Activity:
Please start at the first line of the records beneath and quote each line exactly, ending with the line containing "ANGELA BOS 3D".

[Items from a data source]

[Start of Attachment]

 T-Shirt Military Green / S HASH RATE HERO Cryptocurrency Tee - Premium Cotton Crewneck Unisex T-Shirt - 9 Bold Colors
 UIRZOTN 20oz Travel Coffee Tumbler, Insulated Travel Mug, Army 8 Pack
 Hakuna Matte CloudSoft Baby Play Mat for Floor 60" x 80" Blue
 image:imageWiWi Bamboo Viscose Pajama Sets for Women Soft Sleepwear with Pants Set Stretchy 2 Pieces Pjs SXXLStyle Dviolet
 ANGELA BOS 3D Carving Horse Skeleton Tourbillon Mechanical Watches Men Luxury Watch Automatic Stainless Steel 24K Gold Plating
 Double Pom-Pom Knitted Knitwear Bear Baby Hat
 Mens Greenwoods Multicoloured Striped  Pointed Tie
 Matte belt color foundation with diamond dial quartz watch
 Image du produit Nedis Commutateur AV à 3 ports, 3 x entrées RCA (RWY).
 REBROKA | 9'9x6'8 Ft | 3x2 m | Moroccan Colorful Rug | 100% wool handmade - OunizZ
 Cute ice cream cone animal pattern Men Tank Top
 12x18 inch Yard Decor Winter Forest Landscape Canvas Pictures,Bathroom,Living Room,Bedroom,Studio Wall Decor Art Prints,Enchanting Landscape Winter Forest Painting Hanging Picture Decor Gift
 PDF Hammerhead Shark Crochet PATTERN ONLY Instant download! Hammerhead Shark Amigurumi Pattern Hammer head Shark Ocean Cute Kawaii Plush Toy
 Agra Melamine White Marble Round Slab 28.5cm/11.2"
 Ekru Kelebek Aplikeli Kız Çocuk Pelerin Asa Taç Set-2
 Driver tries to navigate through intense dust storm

[End of Attachment]

Answer box:
 T-Shirt Military Green / S HASH RATE HERO Cryptocurrency Tee - Premium Cotton Crewneck Unisex T-Shirt - 9 Bold Colors
 UIRZOTN 20oz Travel Coffee Tumbler, Insulated Travel Mug, Army 8 Pack
 Hakuna Matte CloudSoft Baby Play Mat for Floor 60" x 80" Blue
 image:imageWiWi Bamboo Viscose Pajama Sets for Women Soft Sleepwear with Pants Set Stretchy 2 Pieces Pjs SXXLStyle Dviolet
 ANGELA BOS 3D Carving Horse Skeleton Tourbillon Mechanical Watches Men Luxury Watch Automatic Stainless Steel 24K Gold Plating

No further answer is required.